Pull every line with "Best" from the data below and copy it.

Data shown: Begin

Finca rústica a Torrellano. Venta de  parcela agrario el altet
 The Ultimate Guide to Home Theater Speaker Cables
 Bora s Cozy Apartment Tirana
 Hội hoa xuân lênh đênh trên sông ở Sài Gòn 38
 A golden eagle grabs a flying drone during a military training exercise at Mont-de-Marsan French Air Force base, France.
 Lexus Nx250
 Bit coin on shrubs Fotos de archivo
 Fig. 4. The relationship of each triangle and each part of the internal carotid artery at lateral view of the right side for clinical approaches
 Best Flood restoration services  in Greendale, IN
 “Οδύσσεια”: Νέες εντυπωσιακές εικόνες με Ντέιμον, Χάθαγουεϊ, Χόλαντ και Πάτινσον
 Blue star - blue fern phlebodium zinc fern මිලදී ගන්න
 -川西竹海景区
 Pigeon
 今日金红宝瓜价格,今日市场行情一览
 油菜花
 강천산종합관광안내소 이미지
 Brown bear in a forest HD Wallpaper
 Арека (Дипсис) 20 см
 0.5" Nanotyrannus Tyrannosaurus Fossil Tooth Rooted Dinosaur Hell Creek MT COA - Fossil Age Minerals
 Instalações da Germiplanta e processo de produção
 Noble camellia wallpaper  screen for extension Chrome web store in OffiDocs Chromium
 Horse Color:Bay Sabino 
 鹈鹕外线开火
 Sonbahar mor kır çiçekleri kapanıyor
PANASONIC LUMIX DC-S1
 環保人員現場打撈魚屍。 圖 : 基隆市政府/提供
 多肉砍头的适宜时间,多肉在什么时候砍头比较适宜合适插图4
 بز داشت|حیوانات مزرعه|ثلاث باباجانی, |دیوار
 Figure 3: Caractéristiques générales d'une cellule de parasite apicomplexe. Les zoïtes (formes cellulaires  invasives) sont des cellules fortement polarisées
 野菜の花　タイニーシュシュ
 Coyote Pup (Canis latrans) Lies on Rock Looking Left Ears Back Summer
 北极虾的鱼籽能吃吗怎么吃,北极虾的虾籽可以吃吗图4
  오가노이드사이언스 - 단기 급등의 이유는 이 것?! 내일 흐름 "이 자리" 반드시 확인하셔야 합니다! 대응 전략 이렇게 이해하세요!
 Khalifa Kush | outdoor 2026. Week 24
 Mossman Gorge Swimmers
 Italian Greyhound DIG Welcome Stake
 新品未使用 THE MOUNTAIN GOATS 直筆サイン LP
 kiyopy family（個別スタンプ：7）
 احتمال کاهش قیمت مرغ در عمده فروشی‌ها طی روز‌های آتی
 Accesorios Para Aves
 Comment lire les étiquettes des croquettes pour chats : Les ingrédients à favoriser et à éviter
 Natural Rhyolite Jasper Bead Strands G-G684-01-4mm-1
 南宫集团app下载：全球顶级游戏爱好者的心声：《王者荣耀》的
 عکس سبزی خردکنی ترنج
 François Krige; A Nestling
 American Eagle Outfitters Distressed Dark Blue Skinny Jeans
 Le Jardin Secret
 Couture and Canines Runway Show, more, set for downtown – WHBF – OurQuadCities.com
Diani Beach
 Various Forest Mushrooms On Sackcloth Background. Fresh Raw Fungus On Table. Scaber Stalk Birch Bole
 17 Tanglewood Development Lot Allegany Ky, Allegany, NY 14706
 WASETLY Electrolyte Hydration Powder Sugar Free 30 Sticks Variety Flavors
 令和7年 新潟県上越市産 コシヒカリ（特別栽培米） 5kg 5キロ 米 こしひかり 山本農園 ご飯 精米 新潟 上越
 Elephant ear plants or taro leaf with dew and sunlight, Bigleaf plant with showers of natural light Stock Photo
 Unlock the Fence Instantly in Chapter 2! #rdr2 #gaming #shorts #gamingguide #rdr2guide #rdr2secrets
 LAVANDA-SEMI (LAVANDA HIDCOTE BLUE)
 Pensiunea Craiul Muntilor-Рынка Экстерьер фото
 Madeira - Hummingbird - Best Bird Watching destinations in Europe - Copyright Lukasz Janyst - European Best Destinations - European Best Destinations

Data shown: End

» **Response to this exercise**:
 Best Flood restoration services  in Greendale, IN
 Madeira - Hummingbird - Best Bird Watching destinations in Europe - Copyright Lukasz Janyst - European Best Destinations - European Best Destinations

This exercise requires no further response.